(Excerpts from a dataset)
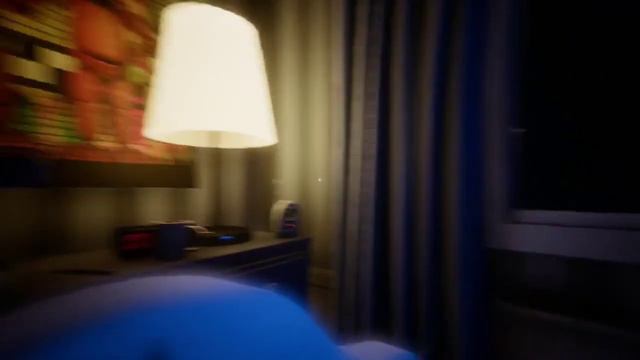 СТРАТЕГИЯ ЯСНА, А ЧТО НА СЧЁТ ВЫИГРАТЬ? ||| The Joy of Creation: Story Mode ||| # 2 смотреть онлайн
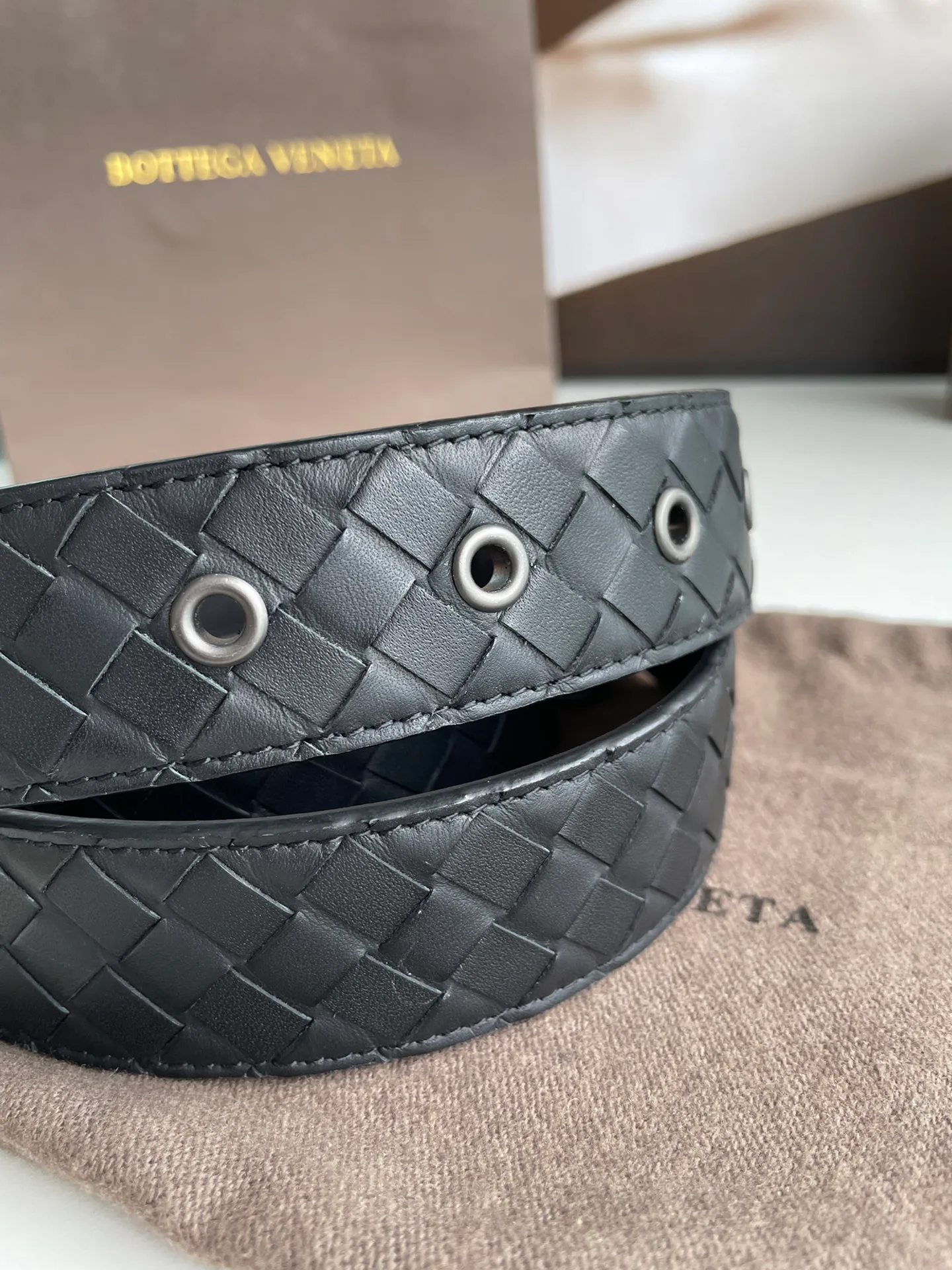 Ремни Bottega Veneta 11248595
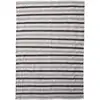 Image de Tapis House Doctor, Terra, gris clair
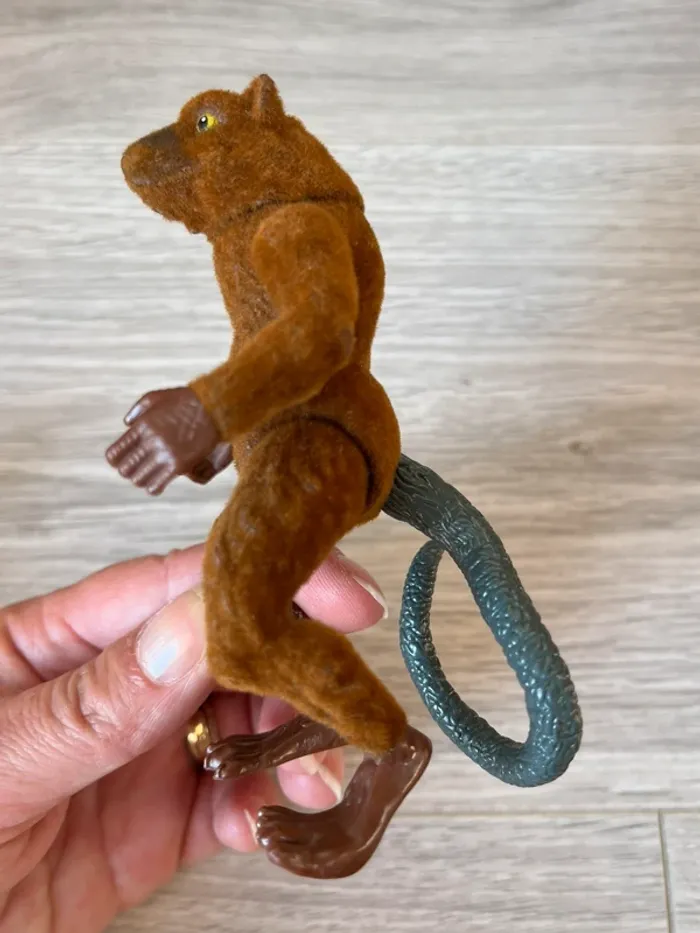 Rat mutant tortue ninja - photo numéro 2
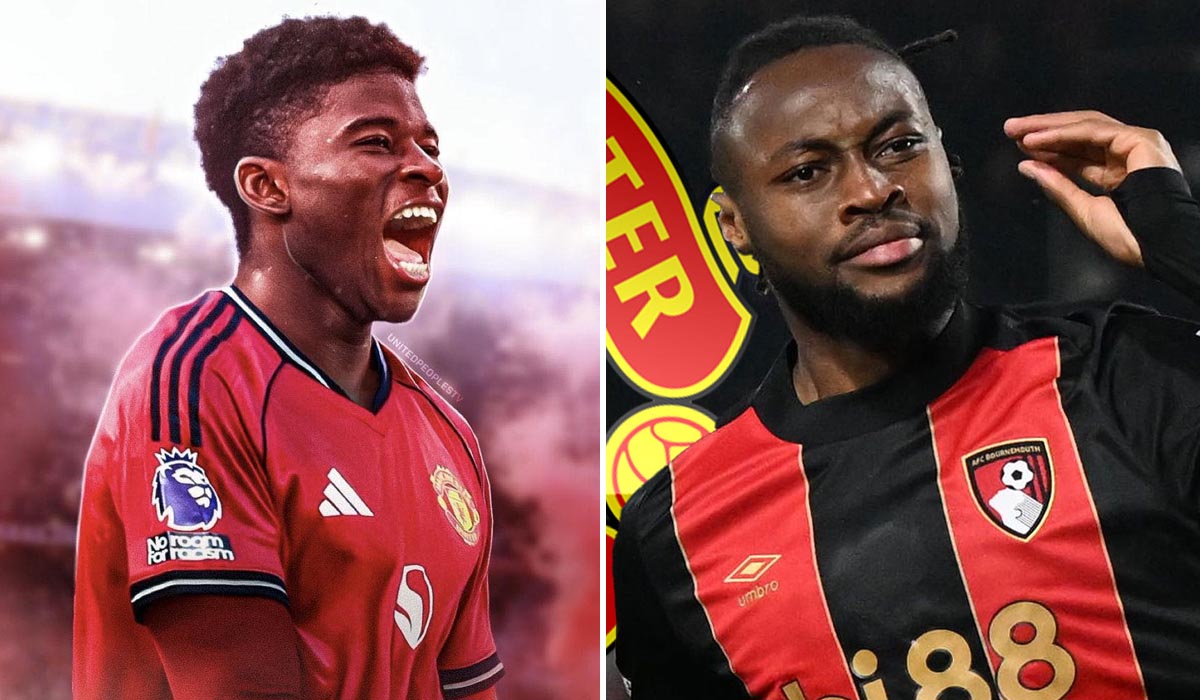 Tin chuyển nhượng mới nhất 16/10: Vụ Baleba - MU ngã ngũ; Man Utd hoàn tất bom tấn 75 triệu bảng?
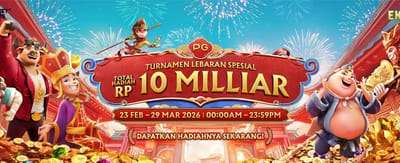 Bonus Deposit Member Baru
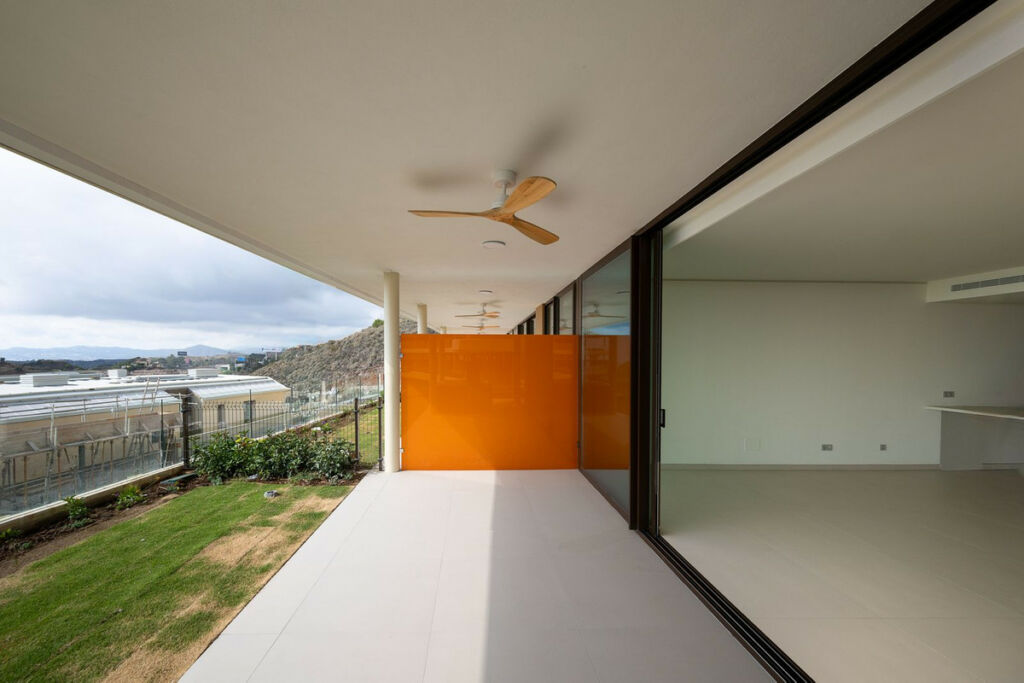Ground Floor Apartment Fuengirola Málaga - image 16
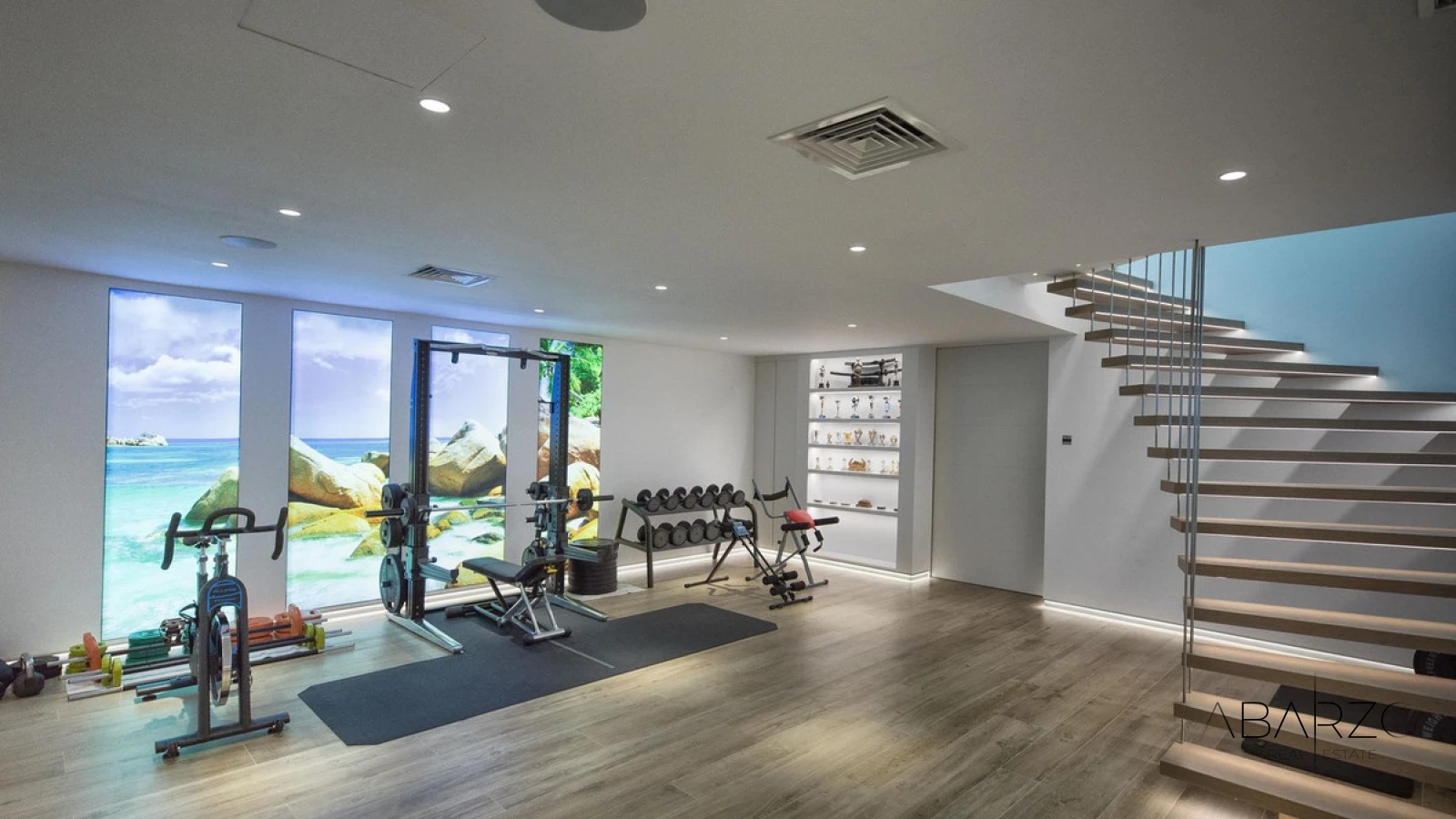 Exquisite 7-Bedroom Mansion in El Paraiso with Infinity Pool and Tennis Court — interior, New Golden Mile, Estepona (19 of 43)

**Assignment:**
All lines from the one containing "Tin chuyển nhượng" through the final line of the records are to be retyped exactly; no other lines and no pictures are to be included.

**Result for this task:**
 Tin chuyển nhượng mới nhất 16/10: Vụ Baleba - MU ngã ngũ; Man Utd hoàn tất bom tấn 75 triệu bảng?
 Bonus Deposit Member Baru
Ground Floor Apartment Fuengirola Málaga - image 16
 Exquisite 7-Bedroom Mansion in El Paraiso with Infinity Pool and Tennis Court — interior, New Golden Mile, Estepona (19 of 43)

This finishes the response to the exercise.